The data has been generated from the database dump dated 20 October 2016 provided by the Wikimedia foundation licensed under the GNU Free Documentation License (GFDL) and the Creative Commons Attribution-Share-Alike 3.0 License.

WikiGrain provides information on all 5,006,601 Wikipedia articles (that is, pages in Namespace 0 that are not redirects) that are assigned to at least one category.

The WikiGrain Data is analyzed in the paper

Jürgen Lerner and Alessandro Lomi: Knowledge categorization affects popularity and quality of Wikipedia articles. PLoS ONE, 13(1):e0190674, 2018.
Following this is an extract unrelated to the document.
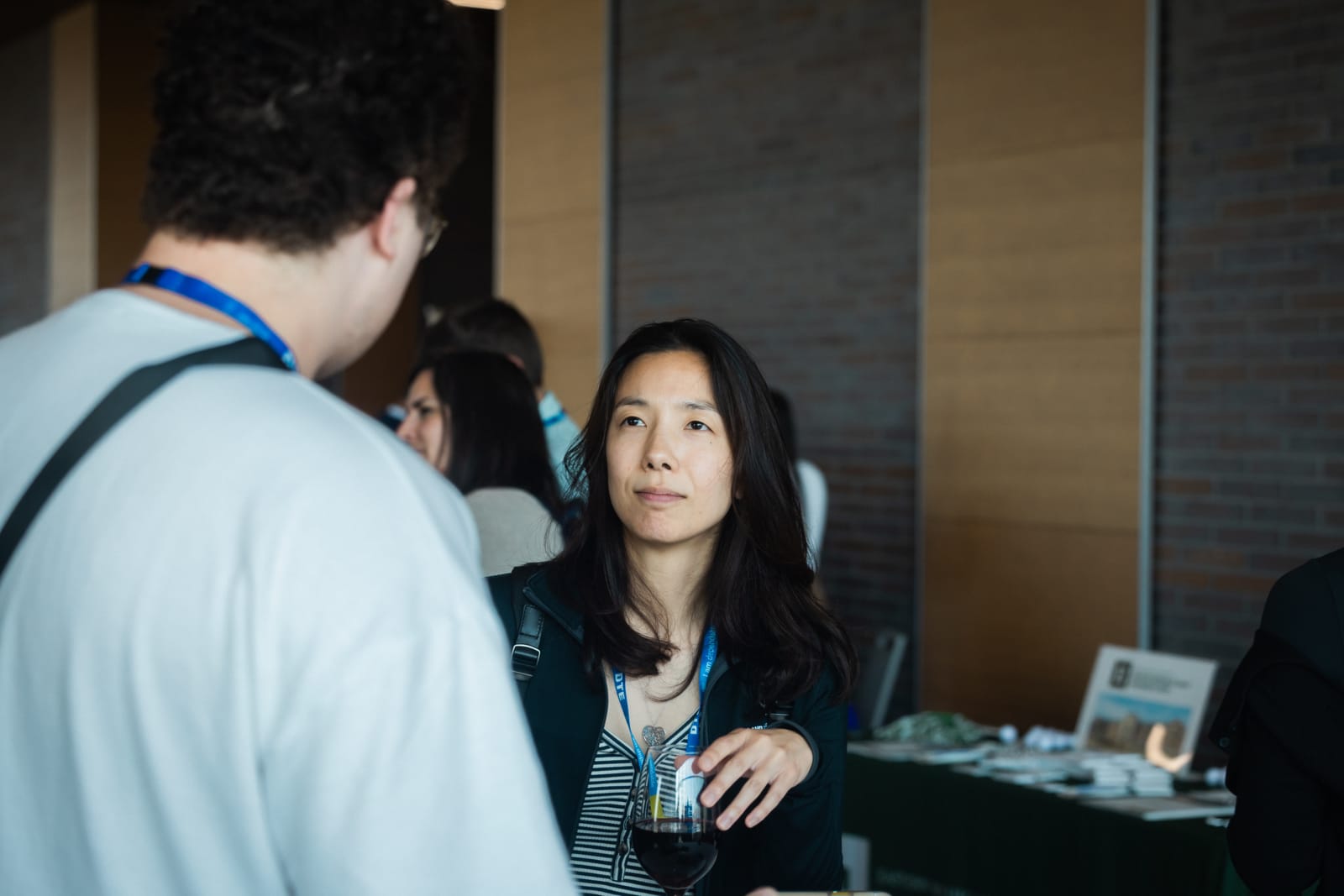 Career services professionals and employers connecting at the conference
===============================================================
Individual files (tables in comma-separated-values-format):

---------------------------------------------------------------
* article_info.csv contains the following variables:

- "id"
(integer) Unique identifier for articles; identical with the page_id in the Wikipedia database.

- "granularity"
(decimal) The granularity of an article A is defined to be the average (mean) granularity of the categories of A, where the granularity of a category C is the shortest path distance in the parent-child subcategory network from the root category (Category:Articles) to C. Higher granularity values indicate articles whose topics are less general, narrower, more specific.

- "is.FA"
(boolean) True ('1') if the article is a featured article; false ('0') else.

- "is.FA.or.GA"
(boolean) True ('1') if the article is a featured article or a good article; false ('0') else.

- "is.top.importance"
(boolean) True ('1') if the article is listed as a top importance article by at least one WikiProject; false ('0') else.

- "number.of.revisions"
(integer) Number of times a new version of the article has been uploaded.

---------------------------------------------------------------
* article_to_tlc.csv
is a list of links from articles to the closest top-level categories (TLC) they are contained in. We say that an article A is a member of a TLC C if A is in a category that is a descendant of C and the distance from C to A (measured by the number of parent-child category links) is minimal over all TLC. An article can thus be member of several TLC.
The file contains the following variables:

- "id"
(integer) Unique identifier for articles; identical with the page_id in the Wikipedia database.

- "id.of.tlc"
(integer) Unique identifier for TLC in which the article is contained; identical with the page_id in the Wikipedia database.

- "title.of.tlc"
(string) Title of the TLC in which the article is contained.

---------------------------------------------------------------
* article_info_normalized.csv
contains more variables associated with articles than article_info.csv. All variables, except "id" and "is.FA" are normalized to standard deviation equal to one. Variables whose name has prefix "log1p." have been transformed by the mapping x --> log(1+x) to make distributions that are skewed to the right 'more normal'.
The file contains the following variables:

- "id"
Article id.

- "is.FA"
Boolean indicator for whether the article is featured.

- "log1p.length"
Length measured by the number of bytes.

- "age"
Age measured by the time since the first edit.

- "log1p.number.of.edits"
Number of times a new version of the article has been uploaded.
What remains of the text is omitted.